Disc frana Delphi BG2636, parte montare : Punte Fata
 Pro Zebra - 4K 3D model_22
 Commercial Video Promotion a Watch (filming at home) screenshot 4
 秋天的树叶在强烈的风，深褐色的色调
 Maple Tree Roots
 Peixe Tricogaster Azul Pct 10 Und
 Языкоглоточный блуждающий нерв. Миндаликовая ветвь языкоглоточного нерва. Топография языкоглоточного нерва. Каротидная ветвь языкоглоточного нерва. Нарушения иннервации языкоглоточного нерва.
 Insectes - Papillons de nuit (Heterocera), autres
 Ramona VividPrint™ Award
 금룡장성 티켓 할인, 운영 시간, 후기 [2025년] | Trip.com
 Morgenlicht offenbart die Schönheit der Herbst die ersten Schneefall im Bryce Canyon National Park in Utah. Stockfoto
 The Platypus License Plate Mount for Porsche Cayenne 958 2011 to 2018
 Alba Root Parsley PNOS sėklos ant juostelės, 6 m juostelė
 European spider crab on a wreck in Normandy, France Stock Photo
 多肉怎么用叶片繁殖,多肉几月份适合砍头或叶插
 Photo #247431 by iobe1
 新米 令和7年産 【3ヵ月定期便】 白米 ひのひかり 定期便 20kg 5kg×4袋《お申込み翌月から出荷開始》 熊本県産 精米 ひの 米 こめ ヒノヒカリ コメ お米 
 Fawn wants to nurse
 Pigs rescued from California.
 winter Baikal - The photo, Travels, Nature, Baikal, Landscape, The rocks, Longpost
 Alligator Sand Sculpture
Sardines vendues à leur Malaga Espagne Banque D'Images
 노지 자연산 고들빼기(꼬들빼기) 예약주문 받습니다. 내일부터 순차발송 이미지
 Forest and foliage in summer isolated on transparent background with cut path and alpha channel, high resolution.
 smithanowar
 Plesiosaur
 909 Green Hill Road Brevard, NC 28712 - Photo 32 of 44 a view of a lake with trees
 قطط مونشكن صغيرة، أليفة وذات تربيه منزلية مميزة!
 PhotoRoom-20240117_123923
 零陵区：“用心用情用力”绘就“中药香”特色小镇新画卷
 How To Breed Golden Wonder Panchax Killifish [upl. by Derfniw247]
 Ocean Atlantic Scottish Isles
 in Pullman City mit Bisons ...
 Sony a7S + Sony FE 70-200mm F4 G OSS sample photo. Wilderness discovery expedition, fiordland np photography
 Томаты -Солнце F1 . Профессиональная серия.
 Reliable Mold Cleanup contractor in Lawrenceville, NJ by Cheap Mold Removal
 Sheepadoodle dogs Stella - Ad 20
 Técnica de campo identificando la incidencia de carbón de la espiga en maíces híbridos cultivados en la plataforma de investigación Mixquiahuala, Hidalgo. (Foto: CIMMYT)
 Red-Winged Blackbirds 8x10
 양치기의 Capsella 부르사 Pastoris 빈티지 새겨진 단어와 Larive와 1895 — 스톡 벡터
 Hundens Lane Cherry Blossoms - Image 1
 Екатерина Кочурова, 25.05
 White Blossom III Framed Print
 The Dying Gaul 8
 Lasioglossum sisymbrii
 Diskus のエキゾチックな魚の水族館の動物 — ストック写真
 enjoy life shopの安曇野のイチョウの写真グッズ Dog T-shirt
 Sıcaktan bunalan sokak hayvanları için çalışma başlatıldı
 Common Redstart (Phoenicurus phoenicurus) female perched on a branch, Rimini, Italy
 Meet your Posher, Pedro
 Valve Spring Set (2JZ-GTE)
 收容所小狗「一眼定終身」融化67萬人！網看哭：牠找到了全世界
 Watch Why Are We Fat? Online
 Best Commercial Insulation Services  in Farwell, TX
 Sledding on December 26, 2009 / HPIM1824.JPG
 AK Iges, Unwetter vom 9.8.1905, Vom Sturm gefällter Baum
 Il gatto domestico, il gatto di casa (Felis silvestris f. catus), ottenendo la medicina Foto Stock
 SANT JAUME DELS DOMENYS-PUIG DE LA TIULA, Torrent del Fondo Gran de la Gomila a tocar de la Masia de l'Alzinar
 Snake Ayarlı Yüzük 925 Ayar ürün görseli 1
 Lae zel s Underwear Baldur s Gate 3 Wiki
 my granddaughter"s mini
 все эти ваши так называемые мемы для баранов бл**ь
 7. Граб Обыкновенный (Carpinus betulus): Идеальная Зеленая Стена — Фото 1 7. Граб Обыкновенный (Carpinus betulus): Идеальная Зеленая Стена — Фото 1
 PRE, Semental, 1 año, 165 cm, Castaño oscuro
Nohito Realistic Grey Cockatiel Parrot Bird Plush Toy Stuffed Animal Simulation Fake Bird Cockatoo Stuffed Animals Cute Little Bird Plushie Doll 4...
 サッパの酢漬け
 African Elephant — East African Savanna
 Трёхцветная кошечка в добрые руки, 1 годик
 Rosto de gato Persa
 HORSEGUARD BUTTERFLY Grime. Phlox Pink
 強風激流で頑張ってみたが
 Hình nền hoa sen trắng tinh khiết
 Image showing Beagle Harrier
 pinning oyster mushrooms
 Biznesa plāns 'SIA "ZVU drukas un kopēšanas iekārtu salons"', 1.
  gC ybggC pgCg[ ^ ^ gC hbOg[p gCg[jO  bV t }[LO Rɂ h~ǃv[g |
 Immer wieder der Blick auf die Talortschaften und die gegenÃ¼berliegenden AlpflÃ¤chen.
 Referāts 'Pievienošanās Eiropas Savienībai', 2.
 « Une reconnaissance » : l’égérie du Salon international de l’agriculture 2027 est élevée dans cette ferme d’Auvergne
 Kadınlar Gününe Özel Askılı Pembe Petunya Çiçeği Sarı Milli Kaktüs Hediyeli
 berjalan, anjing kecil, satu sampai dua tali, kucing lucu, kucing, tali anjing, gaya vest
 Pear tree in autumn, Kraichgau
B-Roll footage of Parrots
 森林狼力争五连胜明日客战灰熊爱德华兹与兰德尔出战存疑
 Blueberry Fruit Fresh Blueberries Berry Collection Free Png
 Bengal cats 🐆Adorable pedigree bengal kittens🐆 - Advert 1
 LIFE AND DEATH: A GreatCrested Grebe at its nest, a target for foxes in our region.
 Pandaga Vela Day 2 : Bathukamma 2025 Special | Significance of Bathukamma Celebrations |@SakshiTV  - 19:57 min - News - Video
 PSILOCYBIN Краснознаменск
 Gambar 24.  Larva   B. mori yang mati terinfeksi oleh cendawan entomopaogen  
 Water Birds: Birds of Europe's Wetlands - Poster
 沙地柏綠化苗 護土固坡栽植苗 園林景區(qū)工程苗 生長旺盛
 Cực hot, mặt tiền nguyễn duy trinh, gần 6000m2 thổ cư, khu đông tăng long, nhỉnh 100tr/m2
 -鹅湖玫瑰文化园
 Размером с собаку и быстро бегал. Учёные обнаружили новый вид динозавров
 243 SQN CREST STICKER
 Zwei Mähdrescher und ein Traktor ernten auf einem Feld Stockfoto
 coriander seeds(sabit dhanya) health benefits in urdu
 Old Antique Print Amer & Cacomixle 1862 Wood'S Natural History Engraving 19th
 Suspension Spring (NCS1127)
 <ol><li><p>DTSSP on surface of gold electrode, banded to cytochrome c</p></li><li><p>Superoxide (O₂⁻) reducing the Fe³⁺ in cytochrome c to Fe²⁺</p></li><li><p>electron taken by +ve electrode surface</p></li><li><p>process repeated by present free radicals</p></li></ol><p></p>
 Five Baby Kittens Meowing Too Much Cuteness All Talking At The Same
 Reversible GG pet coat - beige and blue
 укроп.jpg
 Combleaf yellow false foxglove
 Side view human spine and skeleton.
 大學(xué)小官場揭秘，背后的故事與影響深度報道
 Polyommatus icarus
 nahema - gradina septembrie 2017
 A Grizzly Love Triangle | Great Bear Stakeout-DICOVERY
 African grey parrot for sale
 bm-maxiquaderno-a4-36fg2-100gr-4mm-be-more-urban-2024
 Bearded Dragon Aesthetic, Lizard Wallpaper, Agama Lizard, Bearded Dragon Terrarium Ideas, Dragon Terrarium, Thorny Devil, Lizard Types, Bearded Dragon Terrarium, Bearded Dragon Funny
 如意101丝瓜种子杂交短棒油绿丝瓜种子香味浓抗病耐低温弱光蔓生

——

Each line in the listing above that contains "Commercial" should be copied.

 Commercial Video Promotion a Watch (filming at home) screenshot 4
 Best Commercial Insulation Services  in Farwell, TX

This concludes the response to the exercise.